As some of your (perhaps overly patriotic) friends might complain about (as well as anyone planning an overseas trip), our own Australian dollar is at near-record lows today compared with the almighty US dollar.
At the time of writing, one Aussie dollar is buying just 67.3 US cents. In the past month, we have even seen an exchange rate with a double-6 (albeit briefly).
You have to go back to the depths of the Global Financial Crisis over a decade ago to find the last time our ‘little Aussie battler’ was at such levels – and before that, 2003.
Apart from denting our collective national pride somewhat, the dollar at these lows does have some impacts on the Aussie share market as well. Let’s examine what some of those might be.

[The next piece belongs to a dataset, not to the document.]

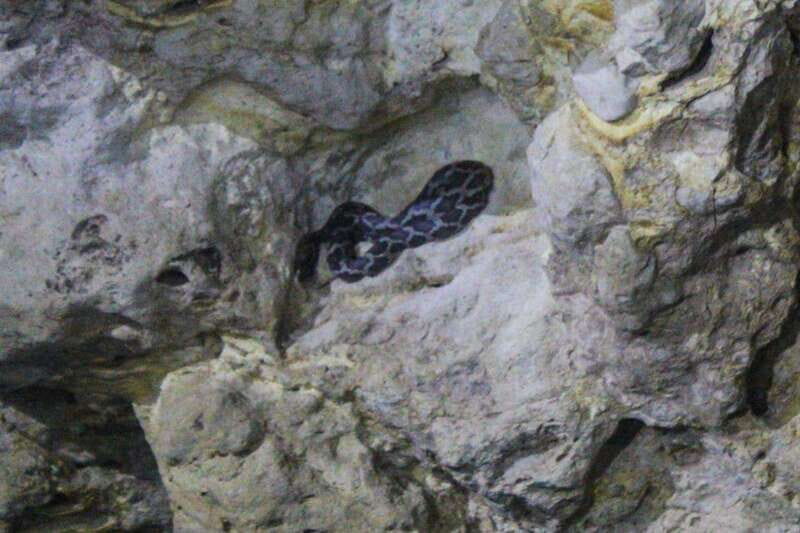 From Cancun: Kantemó Snake Cavern Adventure - Why This Tour Works Well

What a low Aussie dollar means for ASX shares
In very simple terms, a low dollar translates into imported goods and services becoming more expensive and the products and services we export becoming cheaper.
Therefore, for companies that import raw materials, things are somewhat more difficult than they were even this time last year.
Take appliance sellers like JB Hi-Fi Limited (ASX: JBH) and Harvey Norman Holdings Limited (ASX: HVN). The TVs, fridges and laptops that these companies sell now have to be bought with more Australian dollars, even though their prices may not have changed in US dollars (or Yen, etc.).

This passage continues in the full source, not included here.